(Source records)
※ ※ ※
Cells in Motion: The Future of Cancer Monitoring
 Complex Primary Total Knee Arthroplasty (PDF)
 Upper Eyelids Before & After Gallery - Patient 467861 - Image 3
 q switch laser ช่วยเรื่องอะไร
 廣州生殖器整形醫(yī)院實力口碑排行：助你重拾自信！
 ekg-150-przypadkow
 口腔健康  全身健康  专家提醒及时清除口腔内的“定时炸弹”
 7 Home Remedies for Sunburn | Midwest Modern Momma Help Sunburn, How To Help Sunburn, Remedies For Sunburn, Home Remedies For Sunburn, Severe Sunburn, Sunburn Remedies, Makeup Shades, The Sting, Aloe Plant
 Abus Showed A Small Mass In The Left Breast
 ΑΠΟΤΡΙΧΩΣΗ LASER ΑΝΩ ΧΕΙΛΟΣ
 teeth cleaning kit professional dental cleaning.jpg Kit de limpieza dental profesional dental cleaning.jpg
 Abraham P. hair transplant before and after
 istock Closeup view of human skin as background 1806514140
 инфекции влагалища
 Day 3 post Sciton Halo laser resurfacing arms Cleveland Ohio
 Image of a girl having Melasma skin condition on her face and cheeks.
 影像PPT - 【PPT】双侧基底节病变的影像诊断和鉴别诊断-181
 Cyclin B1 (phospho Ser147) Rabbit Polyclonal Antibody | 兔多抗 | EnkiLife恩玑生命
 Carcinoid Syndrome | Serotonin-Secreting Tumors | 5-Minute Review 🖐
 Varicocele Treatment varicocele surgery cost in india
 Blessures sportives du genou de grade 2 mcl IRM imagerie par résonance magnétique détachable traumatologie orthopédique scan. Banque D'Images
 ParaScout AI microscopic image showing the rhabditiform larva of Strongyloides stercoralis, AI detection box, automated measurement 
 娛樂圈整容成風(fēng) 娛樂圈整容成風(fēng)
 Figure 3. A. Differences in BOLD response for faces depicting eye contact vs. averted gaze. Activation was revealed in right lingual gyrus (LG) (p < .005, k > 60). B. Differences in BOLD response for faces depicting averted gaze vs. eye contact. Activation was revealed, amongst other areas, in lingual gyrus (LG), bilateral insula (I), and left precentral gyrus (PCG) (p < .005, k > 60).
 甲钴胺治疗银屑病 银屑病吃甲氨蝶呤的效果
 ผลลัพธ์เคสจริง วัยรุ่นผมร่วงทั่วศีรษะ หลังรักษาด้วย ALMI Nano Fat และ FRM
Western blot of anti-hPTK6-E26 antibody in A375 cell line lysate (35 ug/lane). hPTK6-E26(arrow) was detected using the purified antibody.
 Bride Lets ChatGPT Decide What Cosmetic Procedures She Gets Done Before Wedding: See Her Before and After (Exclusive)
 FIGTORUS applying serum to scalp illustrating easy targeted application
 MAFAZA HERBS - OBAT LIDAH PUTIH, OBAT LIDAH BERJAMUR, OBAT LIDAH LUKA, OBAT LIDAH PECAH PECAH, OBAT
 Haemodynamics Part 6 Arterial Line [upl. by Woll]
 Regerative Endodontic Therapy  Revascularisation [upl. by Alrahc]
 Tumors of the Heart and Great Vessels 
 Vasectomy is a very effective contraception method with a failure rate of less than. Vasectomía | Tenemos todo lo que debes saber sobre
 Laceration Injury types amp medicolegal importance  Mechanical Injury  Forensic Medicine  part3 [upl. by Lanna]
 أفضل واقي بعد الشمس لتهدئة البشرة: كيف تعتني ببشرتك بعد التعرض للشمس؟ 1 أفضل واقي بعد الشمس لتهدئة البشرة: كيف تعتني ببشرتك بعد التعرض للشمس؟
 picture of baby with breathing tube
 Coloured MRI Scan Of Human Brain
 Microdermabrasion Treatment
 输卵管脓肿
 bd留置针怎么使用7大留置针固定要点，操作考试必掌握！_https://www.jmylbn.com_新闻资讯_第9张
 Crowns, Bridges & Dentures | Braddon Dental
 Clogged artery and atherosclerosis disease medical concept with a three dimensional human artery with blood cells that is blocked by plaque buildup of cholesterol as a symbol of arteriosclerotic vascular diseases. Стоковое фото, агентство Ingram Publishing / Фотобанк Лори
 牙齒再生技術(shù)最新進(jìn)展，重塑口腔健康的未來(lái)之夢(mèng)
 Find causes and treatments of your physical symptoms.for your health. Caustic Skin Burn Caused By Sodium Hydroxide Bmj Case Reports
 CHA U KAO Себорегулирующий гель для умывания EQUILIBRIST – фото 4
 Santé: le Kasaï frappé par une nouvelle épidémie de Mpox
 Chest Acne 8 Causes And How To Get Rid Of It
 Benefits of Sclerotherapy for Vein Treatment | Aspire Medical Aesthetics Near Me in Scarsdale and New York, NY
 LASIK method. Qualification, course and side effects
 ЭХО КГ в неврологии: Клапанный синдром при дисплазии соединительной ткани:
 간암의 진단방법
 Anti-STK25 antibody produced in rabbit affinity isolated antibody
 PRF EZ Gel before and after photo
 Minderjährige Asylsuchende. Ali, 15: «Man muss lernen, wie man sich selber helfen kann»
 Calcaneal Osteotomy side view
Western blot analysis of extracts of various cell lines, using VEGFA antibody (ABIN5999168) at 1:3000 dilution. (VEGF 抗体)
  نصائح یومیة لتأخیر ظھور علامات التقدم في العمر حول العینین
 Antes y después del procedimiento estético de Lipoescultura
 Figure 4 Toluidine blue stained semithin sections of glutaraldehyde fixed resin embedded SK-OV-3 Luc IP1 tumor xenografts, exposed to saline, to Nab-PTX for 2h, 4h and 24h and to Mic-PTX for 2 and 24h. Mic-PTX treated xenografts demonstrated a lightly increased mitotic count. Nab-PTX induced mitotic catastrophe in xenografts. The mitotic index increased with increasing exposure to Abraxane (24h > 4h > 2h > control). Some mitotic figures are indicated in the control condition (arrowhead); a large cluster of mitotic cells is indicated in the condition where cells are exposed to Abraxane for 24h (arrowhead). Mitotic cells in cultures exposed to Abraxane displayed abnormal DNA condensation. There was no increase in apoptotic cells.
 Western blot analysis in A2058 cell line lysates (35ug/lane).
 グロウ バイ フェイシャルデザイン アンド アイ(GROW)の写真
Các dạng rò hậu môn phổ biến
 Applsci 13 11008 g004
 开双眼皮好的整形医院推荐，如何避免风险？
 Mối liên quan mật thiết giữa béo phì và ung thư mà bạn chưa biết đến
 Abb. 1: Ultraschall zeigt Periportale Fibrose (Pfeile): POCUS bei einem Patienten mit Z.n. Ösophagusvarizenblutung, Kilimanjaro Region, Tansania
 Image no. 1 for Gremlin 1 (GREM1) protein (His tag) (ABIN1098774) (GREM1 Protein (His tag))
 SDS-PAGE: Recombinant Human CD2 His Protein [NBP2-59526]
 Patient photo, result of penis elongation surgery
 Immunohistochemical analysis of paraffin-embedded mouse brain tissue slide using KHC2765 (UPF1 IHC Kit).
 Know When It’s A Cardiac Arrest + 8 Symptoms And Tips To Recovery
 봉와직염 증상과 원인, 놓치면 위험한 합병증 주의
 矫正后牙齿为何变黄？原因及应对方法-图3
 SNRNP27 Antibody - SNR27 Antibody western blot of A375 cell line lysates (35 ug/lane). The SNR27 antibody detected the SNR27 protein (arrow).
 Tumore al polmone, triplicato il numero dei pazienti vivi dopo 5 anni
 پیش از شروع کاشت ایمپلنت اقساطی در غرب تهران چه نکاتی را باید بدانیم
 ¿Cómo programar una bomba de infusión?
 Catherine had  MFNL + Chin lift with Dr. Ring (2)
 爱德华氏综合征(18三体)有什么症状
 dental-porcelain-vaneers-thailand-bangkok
※ ※ ※
_Exercise instructions_
Output the lines above between the one holding "影像PPT - 【PPT】双侧基底节病变的影像诊断和鉴别诊断-181" and the one holding "Western blot of anti-hPTK6-E26", inclusive, with nothing before or after them.

_Response for this exercise_
 影像PPT - 【PPT】双侧基底节病变的影像诊断和鉴别诊断-181
 Cyclin B1 (phospho Ser147) Rabbit Polyclonal Antibody | 兔多抗 | EnkiLife恩玑生命
 Carcinoid Syndrome | Serotonin-Secreting Tumors | 5-Minute Review 🖐
 Varicocele Treatment varicocele surgery cost in india
 Blessures sportives du genou de grade 2 mcl IRM imagerie par résonance magnétique détachable traumatologie orthopédique scan. Banque D'Images
 ParaScout AI microscopic image showing the rhabditiform larva of Strongyloides stercoralis, AI detection box, automated measurement 
 娛樂圈整容成風(fēng) 娛樂圈整容成風(fēng)
 Figure 3. A. Differences in BOLD response for faces depicting eye contact vs. averted gaze. Activation was revealed in right lingual gyrus (LG) (p < .005, k > 60). B. Differences in BOLD response for faces depicting averted gaze vs. eye contact. Activation was revealed, amongst other areas, in lingual gyrus (LG), bilateral insula (I), and left precentral gyrus (PCG) (p < .005, k > 60).
 甲钴胺治疗银屑病 银屑病吃甲氨蝶呤的效果
 ผลลัพธ์เคสจริง วัยรุ่นผมร่วงทั่วศีรษะ หลังรักษาด้วย ALMI Nano Fat และ FRM
Western blot of anti-hPTK6-E26 antibody in A375 cell line lysate (35 ug/lane). hPTK6-E26(arrow) was detected using the purified antibody.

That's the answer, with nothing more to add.